Today, Baby Gem Boxwood, a new cultivar presented by Garden Debut®, is a valuable addition to the landscape. The vigorous littleleaf boxwood is an exceptionally compact plant with a dense, multi-branched habit, easy to grow and robust in the landscape overall. This broadleaf evergreen vigorously grows a little taller than it is wide, resulting in a rounded form.

Fine-textured, the tiny, lustrous leaves are abundant and add a distinctive color note, retaining their rich, emerald-green color particularly well in winter. Baby Gem Boxwood’s extremely small, lustrous leaves provide a matte effect even when formally sheared or sculpted, since the tiny leaves don’t show shearing cuts.

The brisk growth rate makes Baby Gem Boxwood ideal for carefree hedging in a wide area of the U.S. It is an emerald gem of a foundation plant, excellent for edging, and may be clipped for parterres, topiary and formal gardens.
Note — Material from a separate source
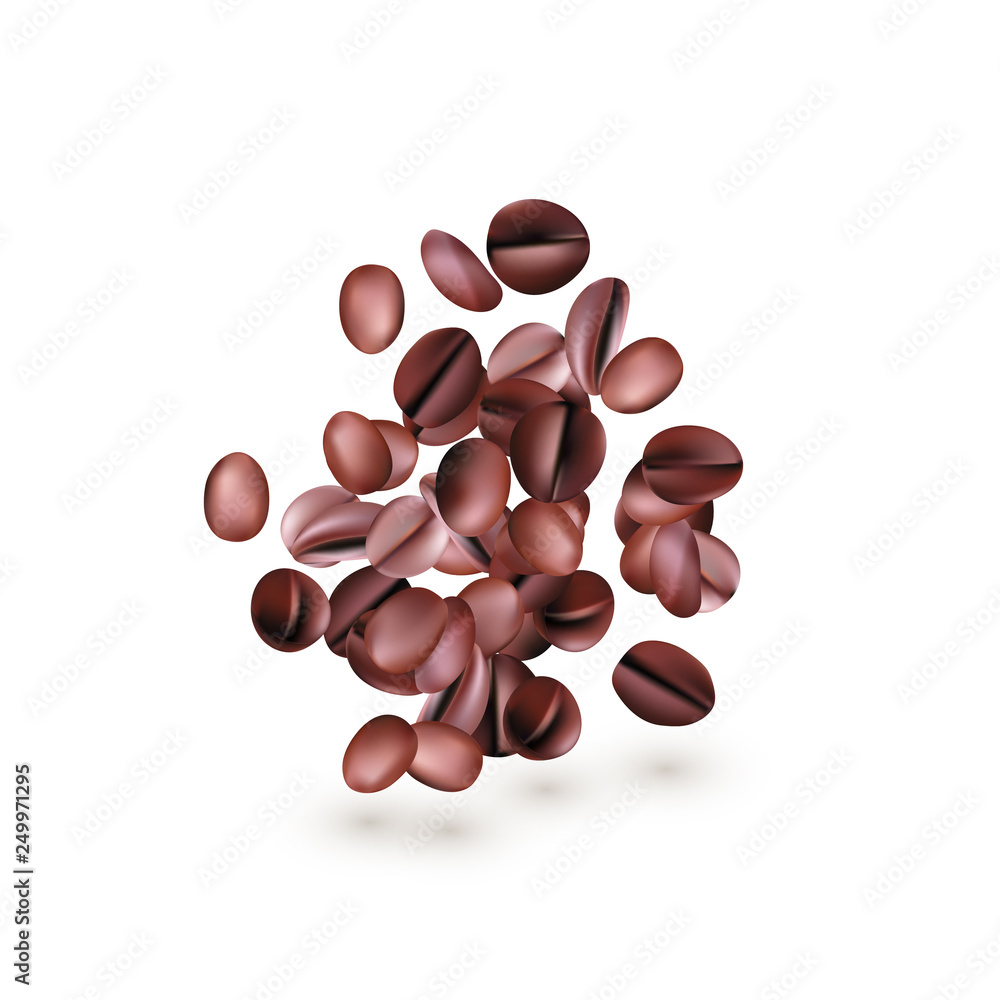 Fototapeta premium Coffee beans collection. Illustration isolated on white background. Graphic concept for your design.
The vibrant green hue provides an exceptional backdrop for brilliant annual and perennial flowers and statuary.

Other splendid characteristics of this garden gem include deer resistance and tolerance of dry soils once established. Baby Gem Boxwood flourishes in conditions of sun to shade, and benefits from an organic mulch to keep roots cool. Look for Baby Gem Boxwood in garden centers this spring.